Tired
I don’t even know what I desire anymore. I don’t know who I am outside of being a mom. It feels like that’s all I do, all I know. Don’t get me wrong — I love my kids with everything in me. But somewhere along the way, I lost myself.
I keep trying to think about what I actually like to do. I mean… I like puzzles, reading, and music. But it’s been years since I finished a puzzle. The only thing I read these days is the Bible. And when it comes to music? Yeah, it’s all Disney and KidzBop because well, I’ve got a hella kids.
It’s frustrating. It’s so damn frustrating. Who even am I without them? I don’t know who I am as a wife anymore either. I feel like I’m just here to serve. Constantly giving, constantly doing, but never for myself. By the time I finally get a moment, I’m too drained to do anything but lay in bed and stare at the ceiling.
Some days it feels like I’m disappearing.

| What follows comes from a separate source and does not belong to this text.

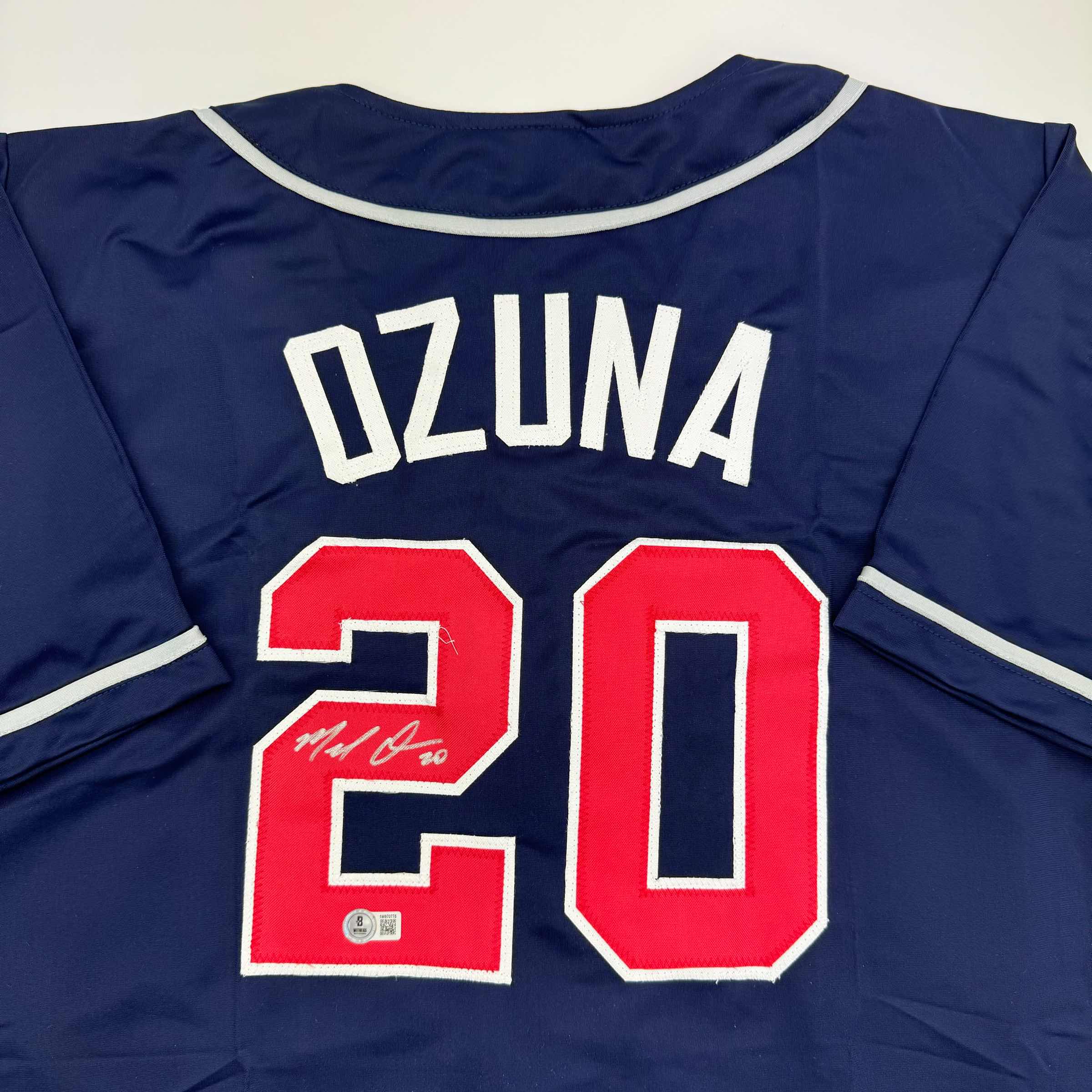 Autographed/Signed Marcell Ozuna Atlanta Blue Baseball Jersey Beckett BAS COA - Image 2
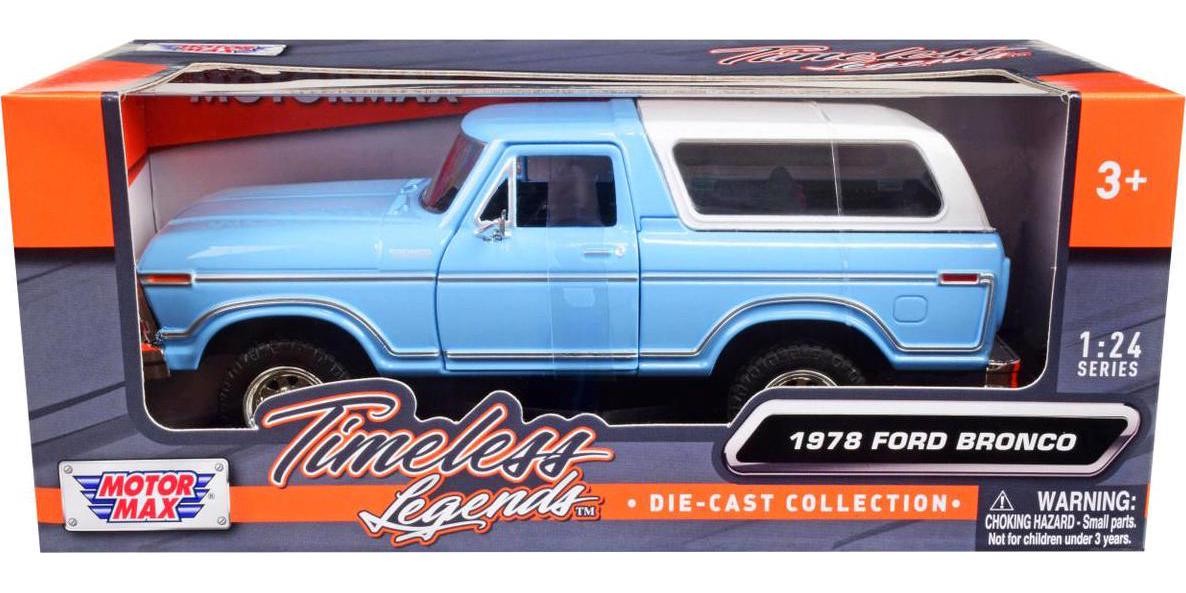 1978 Ford Bronco Custom Light Blue and White Timeless Legends Series 1/24 Model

Like I’m just here… existing, not living. I’m not even sure I love myself right now. That’s hard to admit, but it’s true. I’m drowning in motherhood and it hurts to say that, because being a mom really is my favorite thing. I love my family more than anything. But sometimes? I just want everyone to go away for a day.
I just want peace. Quiet. Space to breathe and figure out what I want again.
It’s weird — I’m surrounded by people who love me, yet I feel so alone. I’m tired of being the strong one all the time. I’m tired of holding it all together when I’m the one falling apart inside.
I’m just tired. And I just want to find me again. That’s all I got for now.
Thanks for being here. I’m so glad you came.